Any one got any tutorials on how to make a lid for a 10 gallon glass tank suitable for darts and good at holding humidity, i have a spare 10 gal with no lid.
I will also be using an exo terra light canopy so would need it so the uv can get through.
Would me much appreciated.


----------



## stewie m (Sep 16, 2009)

u could get a 4ft fish tank cheap and divide that


----------



## liamb111 (Apr 2, 2010)

using rubs for froglets is fine imo...
for making a lid you could adapt the making of this... Constructing a Euopean type Vivarium Step by Step - Dendroboard
just have part of it which has a plastic hinge siliconed into place and then you've got a hatch... and put the vent in the middle so it can allow the uv through?????


----------



## RepsAndPhibs (Sep 10, 2009)

Thanks for that will have a look at it.
Do plants actually need the UV ?


----------



## liamb111 (Apr 2, 2010)

im not great on lighting, but think there's uva and uvb and i thin kit's the uvb doesn't go through glass but uva does and plants use the uva so it should be ok. although, you'd have to do your own research on that or wait for someone else to reply, cuz like i say im not 100% sure...


----------



## RepsAndPhibs (Sep 10, 2009)

liamb111 said:


> im not great on lighting, but think there's uva and uvb and i thin kit's the uvb doesn't go through glass but uva does and plants use the uva so it should be ok. although, you'd have to do your own research on that or wait for someone else to reply, cuz like i say im not 100% sure...


Ok thanks, im rubbish with plants too i dont have a clue.


----------



## sambridge15 (Nov 22, 2009)

RepsAndPhibs said:


> Thanks for that will have a look at it.
> Do plants actually need the UV ?


they need bright light such as reptiglow 2.0 or sunglow not uv just brightness of the light


----------



## Wolfenrook (Jul 2, 2010)

Most plants mainly utilise light in the blue and red wavelengths, with only a tiny amount of UV used.
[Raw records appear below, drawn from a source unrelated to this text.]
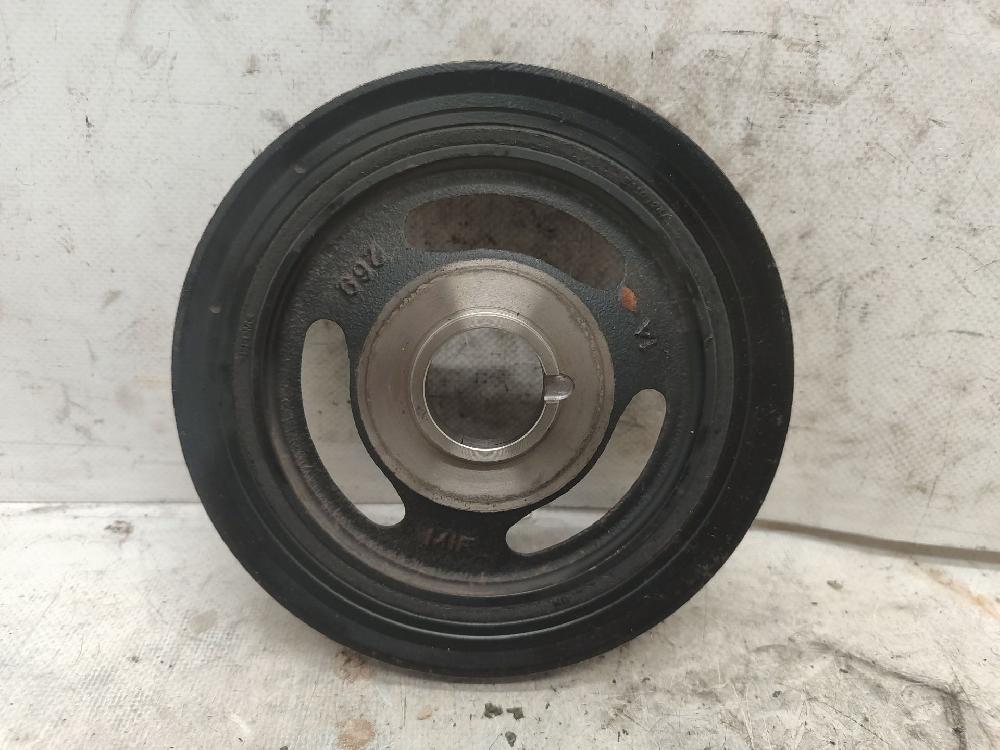 Polia do virabrequim 8HZ 9654961080 de Citroen C3 i (fc_, fn_) 2002-2013 68 CV con 165487 km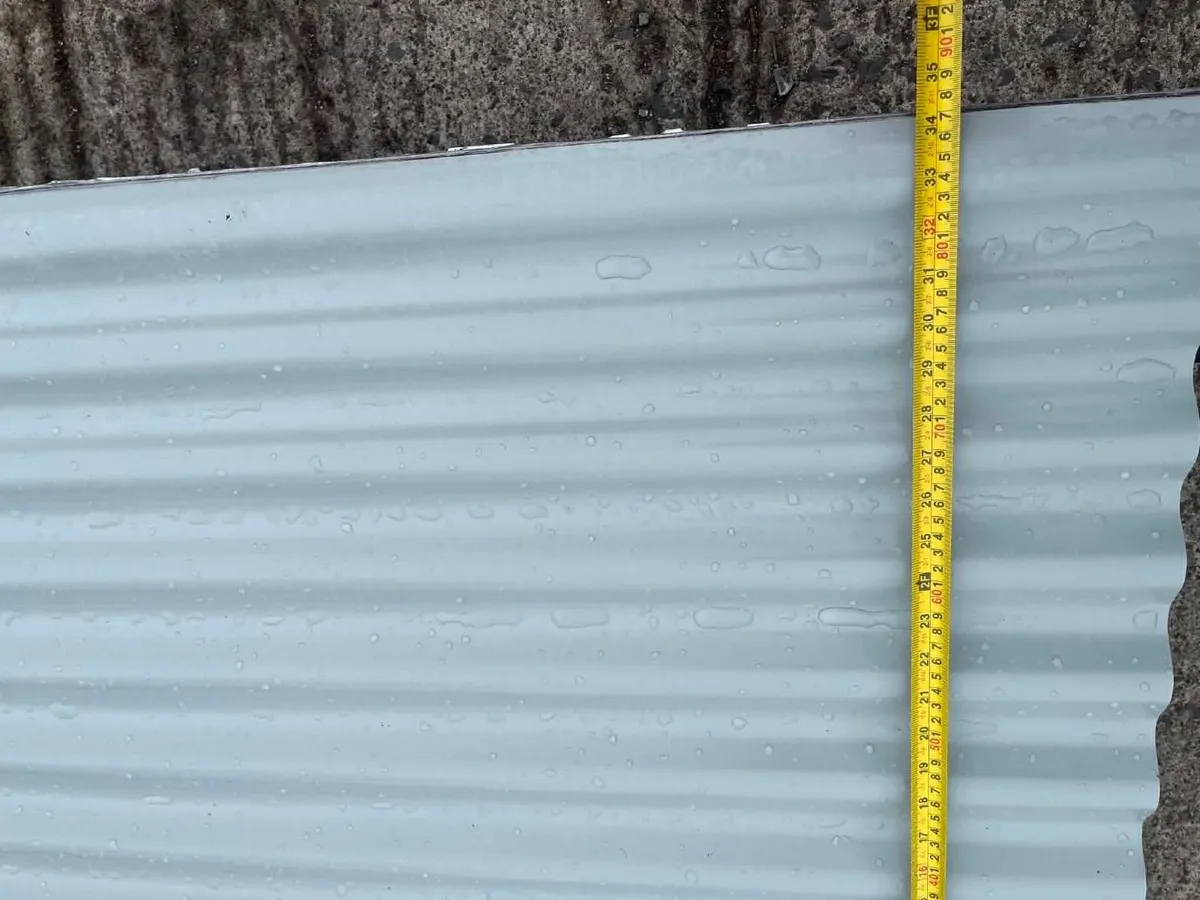 Roof cladding - Image 4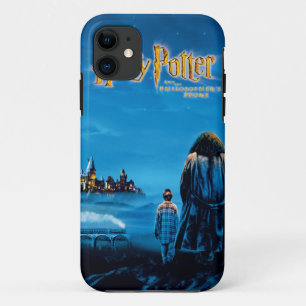 Capa Para iPhone Da Case-Mate Harry e Hagrid International Movie Poster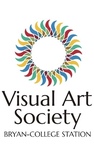 Visual Art Society of B-CS Logo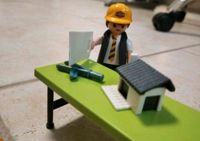 NEU MIT ORIGINALVP.Playmobil Special PLUS Architekt mit Modellbau Niedersachsen - Braunschweig Vorschau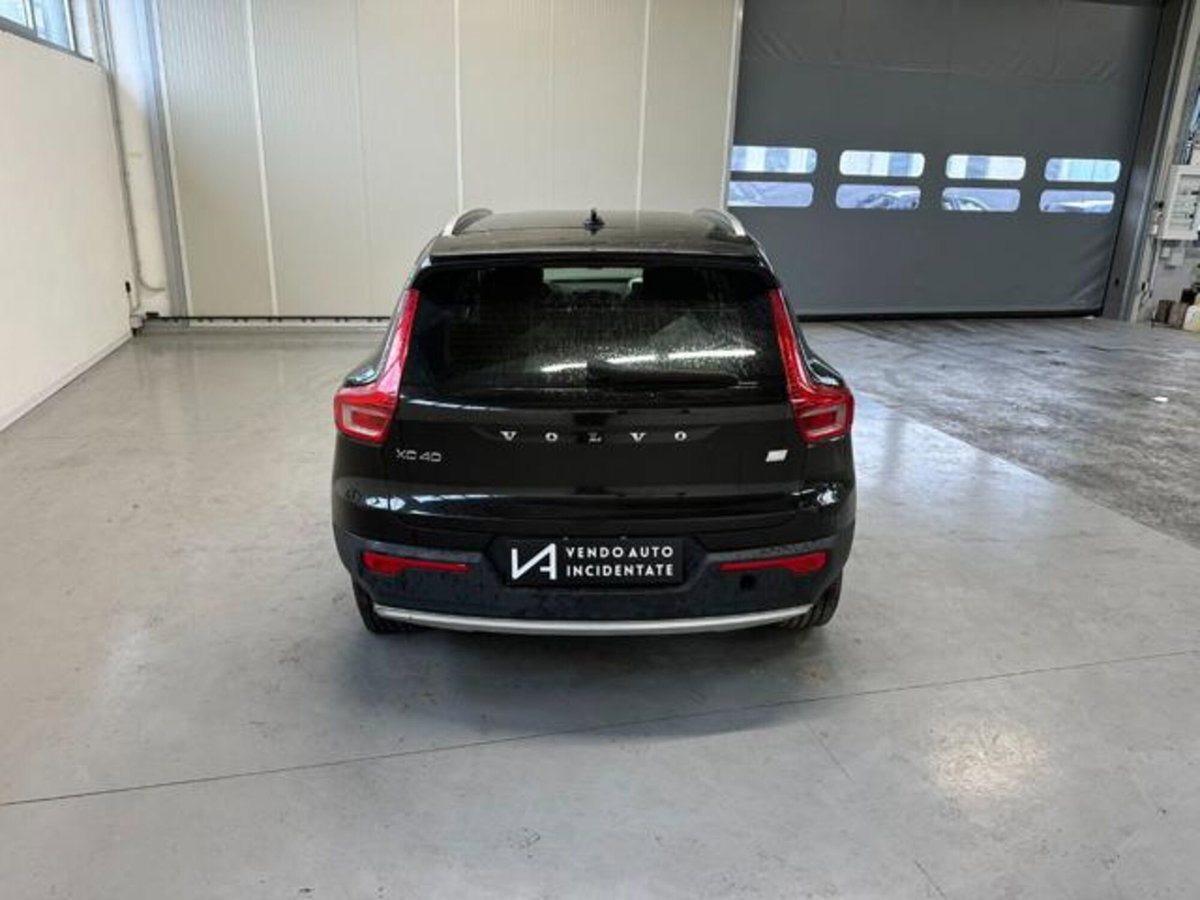Volvo XC40 T4 Recharge Plug-in Hybrid Inscription Expression (6)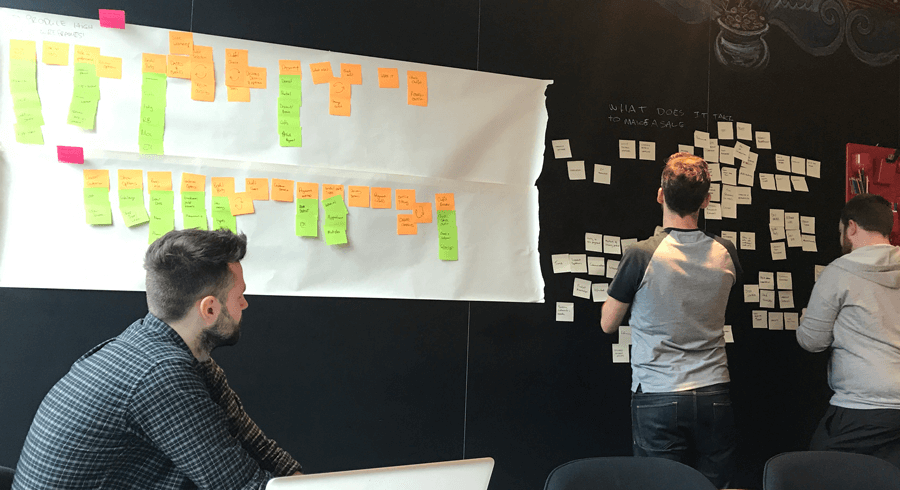 XEPOS planning session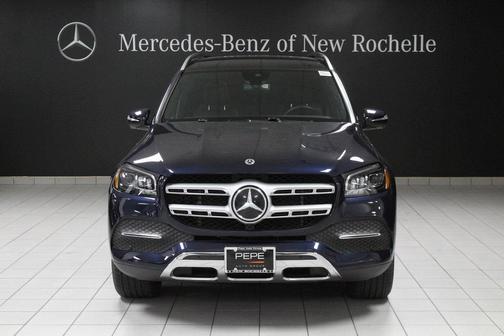 2022 Mercedes-Benz GLS 450 4MATIC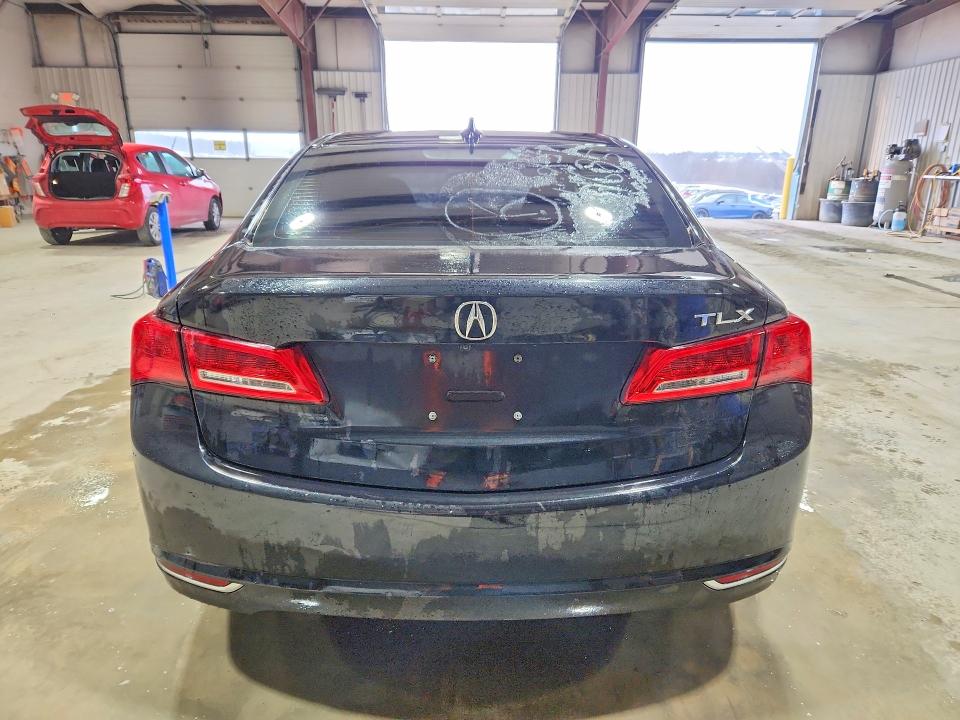 Продажа на аукционе авто 2020 Acura Tlx, vin: 19UUB1F35LA014267, номер лота: 73930355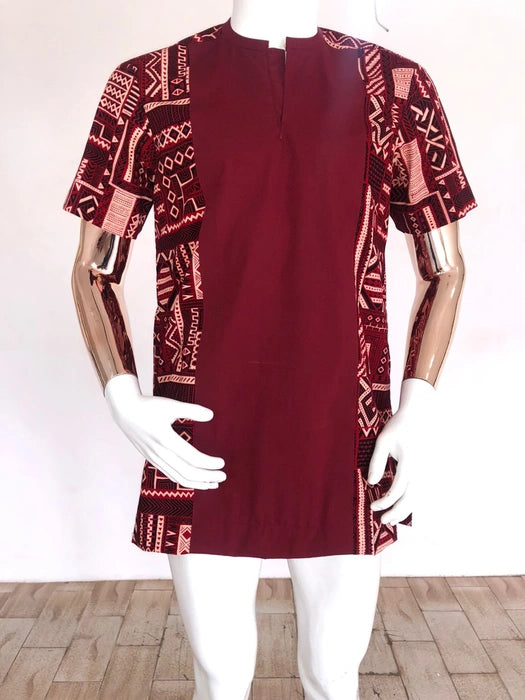 Remi African Shirt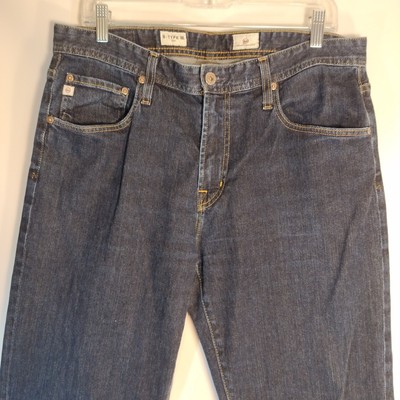 Adriano Goldschmied B-type 3 Easy Jeans 34x33 Dark Blue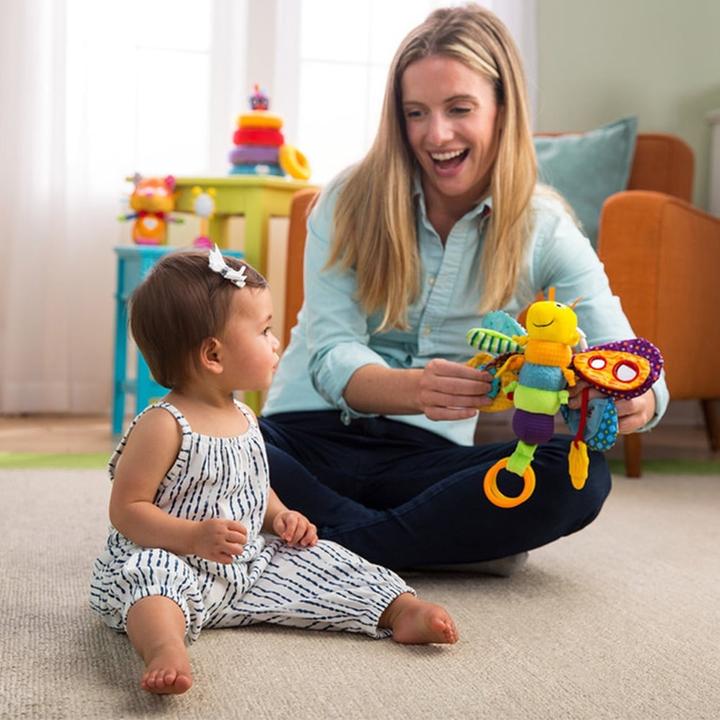 Produktbild Tomy Lamaze Freddie die Firefly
However, if you want really gorgeous reds, you are going to want UV. Reason been that red pigment is a response by some plants to the presence of damaging UV light, it protects the plant from the mutations that UV can cause. The red is created by red light reflecting pigments called flavenoids, which protect plants from UV-B and often give the red colour.

I've seen this myself, where in the presence of lighting emitting UV-B light, red plants or plants with the potential of having red on them show far more red than they do when kept under light not containing this, no matter how 'bright' it might be (quick note, brightness isn't a very good measure of quality of light where plants are concerned as it is determined by how the human eye perceives the light. PAR is far more useful. As an example, a 8,000 Kelvin T5 light will look very bright to the human eye because of how white it is, whilst a 6,500k Cree XP LED array will look quite dull due to the 'brown' colour. The LEDs however have a much higher PAR per watt ratio, and so plant do far better under these, despite the apparently duller light.).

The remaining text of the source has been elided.